Littérature étrangère

Viola Ardone

Les Merveilles

✒ Valeria Gonzalez y Reyero

(Librairie Jeanne Laffitte, Marseille)

Pour clore son triptyque sur l’Histoire italienne du XXe siècle, Viola Ardone nous livre un roman émouvant sur la maladie mentale et le parcours d’une jeune femme pour s’approprier sa liberté.

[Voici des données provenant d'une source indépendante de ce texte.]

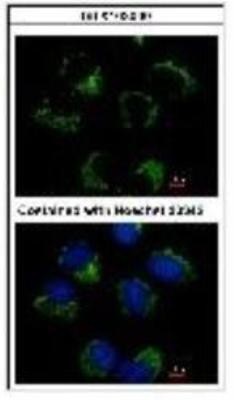 Immunocytochemistry/Immunofluorescence: CRAT Antibody [NBP1-32108] - Methanol-fixed H1299, using CRAT (NBP1-32108) antibody at 1:500 dilution.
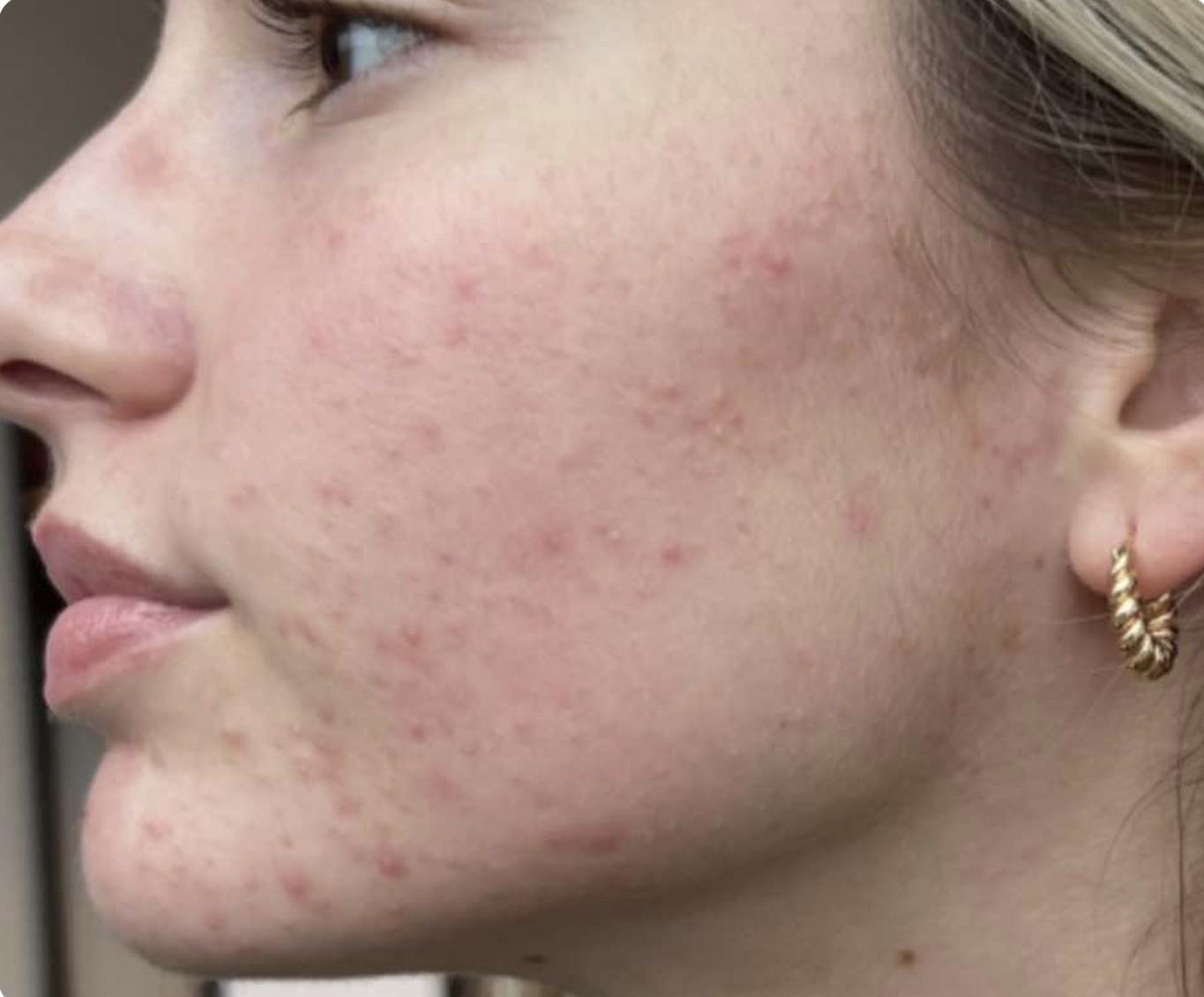 SkinPen Before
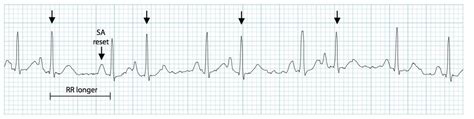 Premature Atrial Complex (PAC) - Life in the Fast Lane ECG library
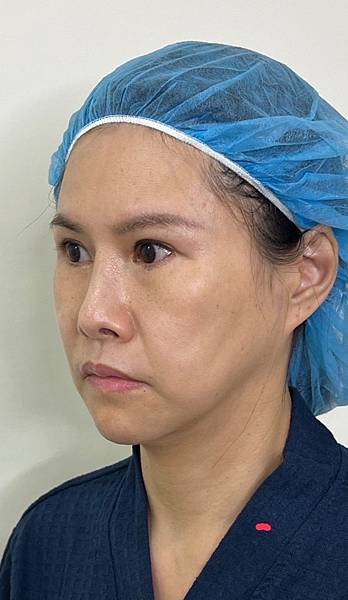 骨架外型和組織肉的厚度應該多少比例？3D列印技術墊蘋果肌給妳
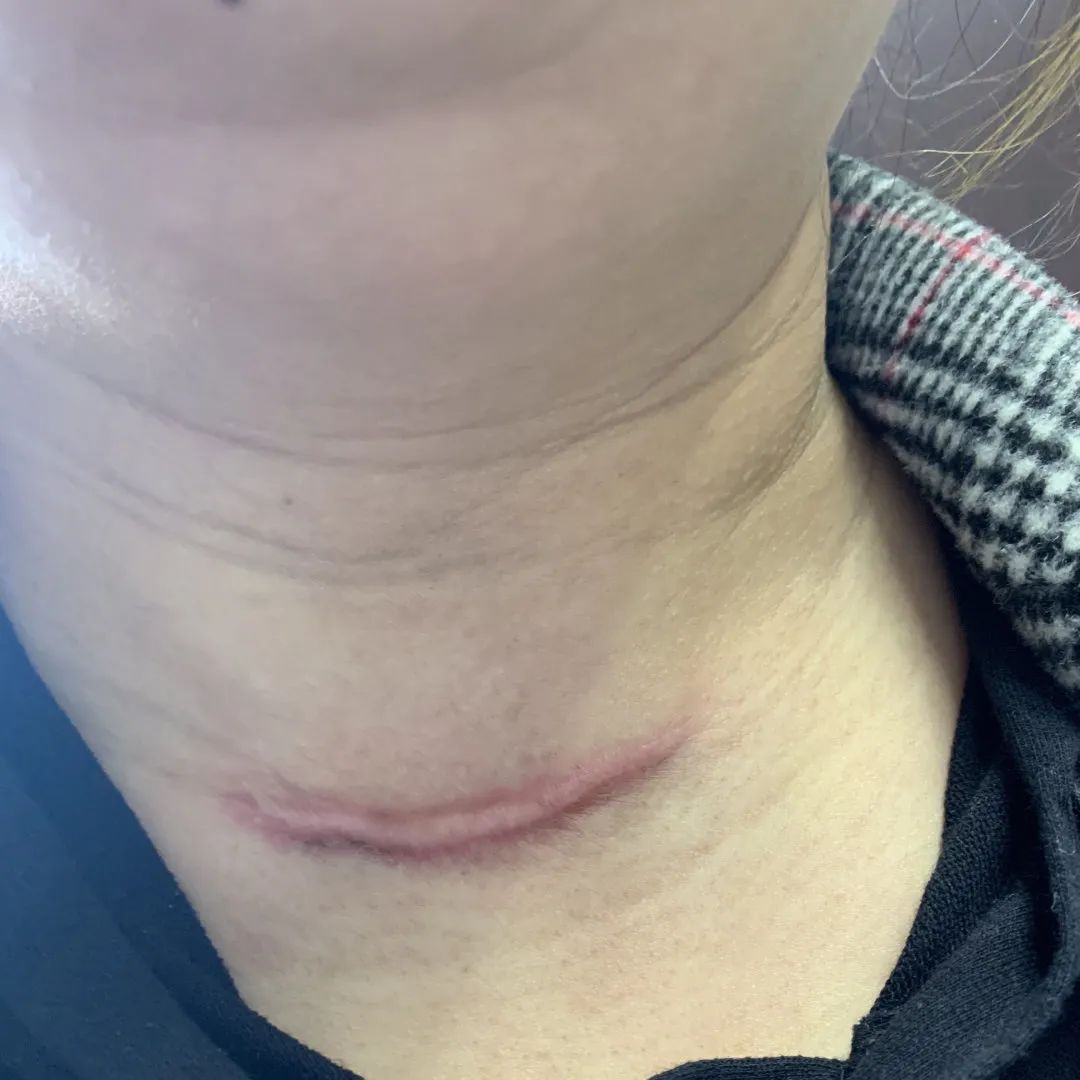 湖州市中心医院：击「甲」战士 身怀绝技 刀过无「痕」，原来秘技在此......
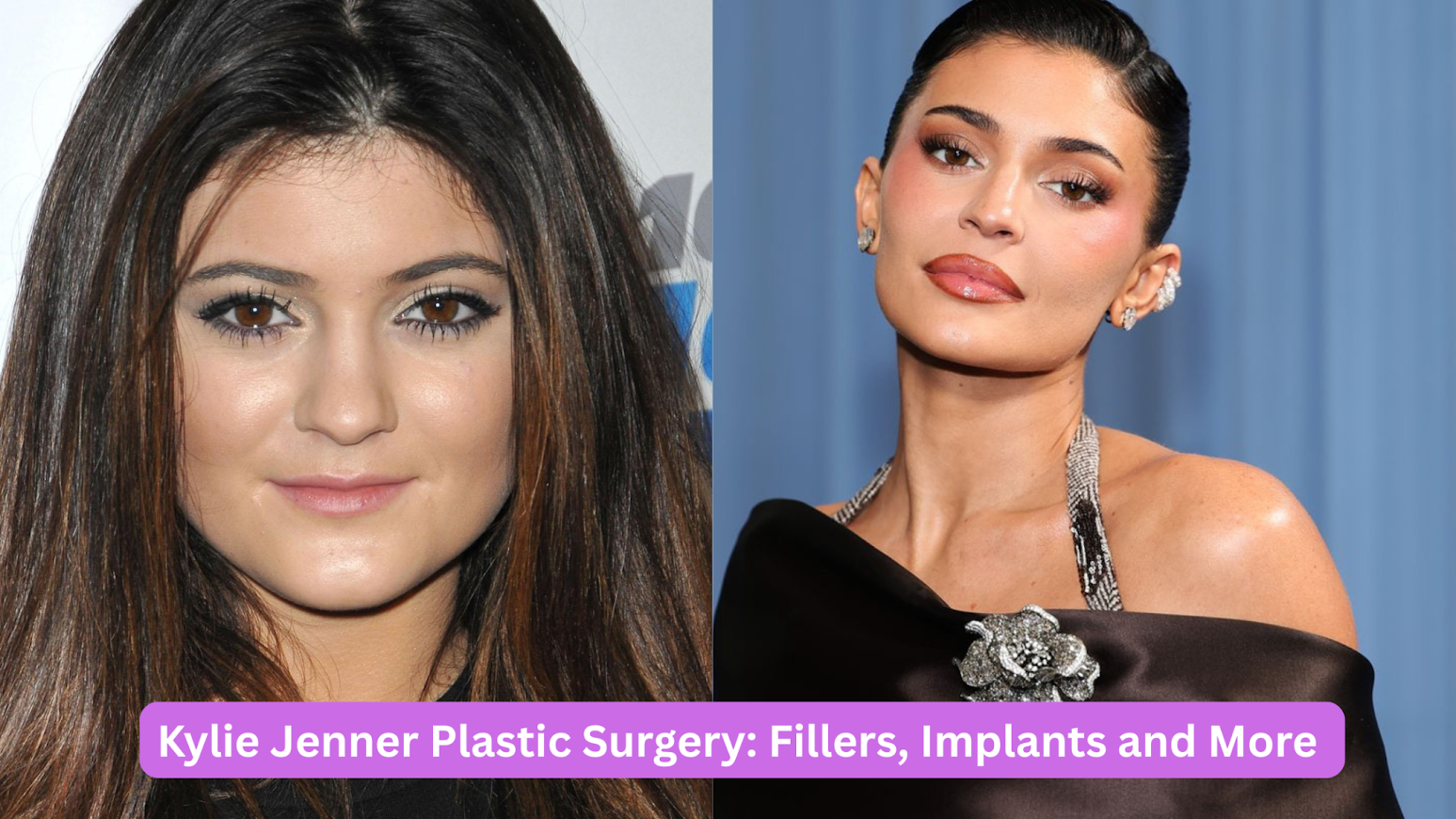 Kylie Jenner Plastic Surgery
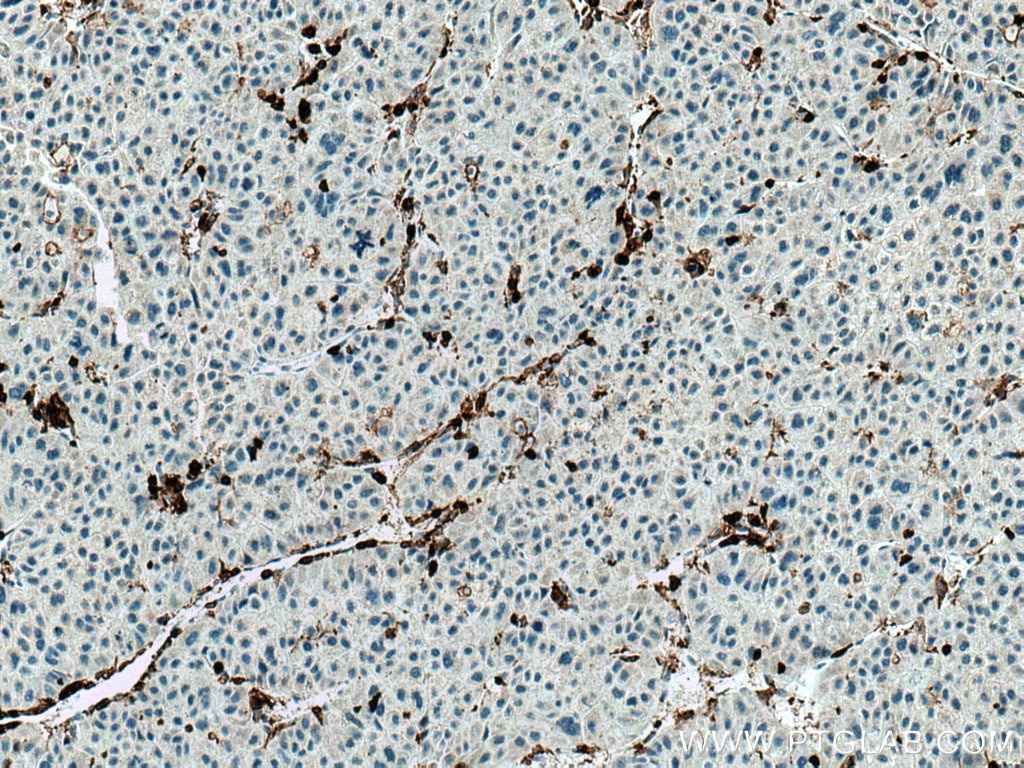 IHC staining of human liver cancer using 20103-1-AP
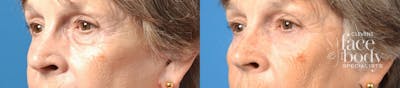 Eyelid Surgery Before & After Gallery - Patient 296723 - Image 1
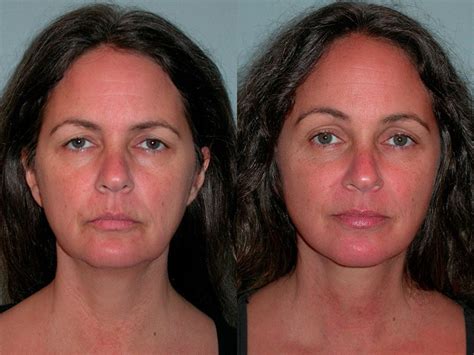 Note her forehead wrinkles improved too since she doesn't need to lift her forehead as much. Brow Lift Santa Rosa - Facial Cosmetic Surgery | Artemedica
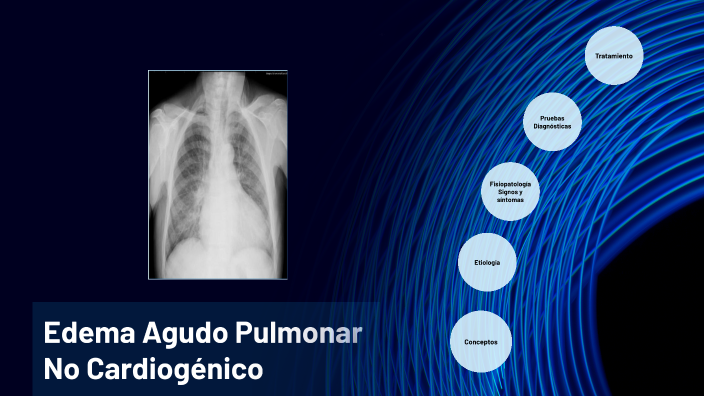 Edema Agudo Pulmonar No Cardiogénico By Karla Daniela Sánchez García On ...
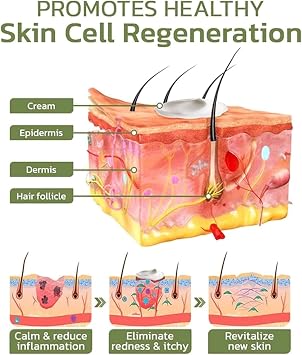 Keratosis Treat Deep Clean Smooth Cream,Deep Clean Smooth Cream,for Rough and Bumpy Dry Skin,Keratosis Pilaris Treatment Cream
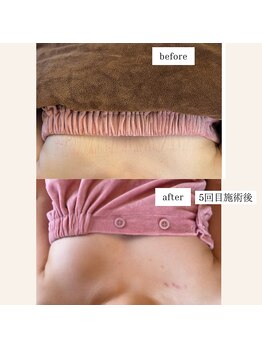 エミニナル(EMININAL)/30代バストアップ(5回目)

Elba est née dans le « monde-à-moitié », un asile psychiatrique dans lequel sa mère a été internée enceinte. Elle n’est pourtant pas malade et, pour survivre dans cet environnement presque carcéral où les fous sont maltraités, « électrochoqués » et laissés à l’abandon, elle s’invente un imaginaire joyeux et fantaisiste fait de chiffres, de jeux et de rimes. Jusqu’au jour où un jeune médecin aux idées révolutionnaires intègre l’équipe médicale. Fervent partisan de la loi Basaglia pour la fermeture des asiles psychiatriques, Fausto Meraviglia prend sous son aile Elba, avec l’espoir et la volonté de lui apprendre à se rapproprier sa liberté et d’en jouir. Dans cet émouvant récit à deux voix, Viola Ardone réussit encore une fois le pari de nous raconter une histoire intime et bouleversante qui a comme toile de fond les grands changements politiques et sociétaux de l’Italie des années 1980. Car, à travers le regard de la jeune Elba, c’est tout un pan de la société de l’époque qui est mis à nu : la maladie mentale était une honte pour les familles, sans compter que les traitements étaient souvent particulièrement injustes pour les femmes puisque leurs proches les internaient pour adultère, pour justifier un second mariage ou parce qu’ils les jugeaient trop excentriques. Entre Elba et le docteur Meraviglia s’instaure un rapport filial intense et original, un remaniement de l’idée de famille, en particulier pour ce médecin qui avait voué son existence à celle de ses patients, délaissant souvent ses propres enfants et découvrant donc avec Elba une nouvelle forme de parentalité. Les lecteurs avisés auront le plaisir de retrouver des petits clins d’œil aux deux précédents romans de Viola Ardone, Le Train de enfants et Le Choix, car les grandes révolutions silencieuses que l’autrice raconte ne peuvent exister que dans la continuité de l’engagement et de l’entraide de vies ordinaires.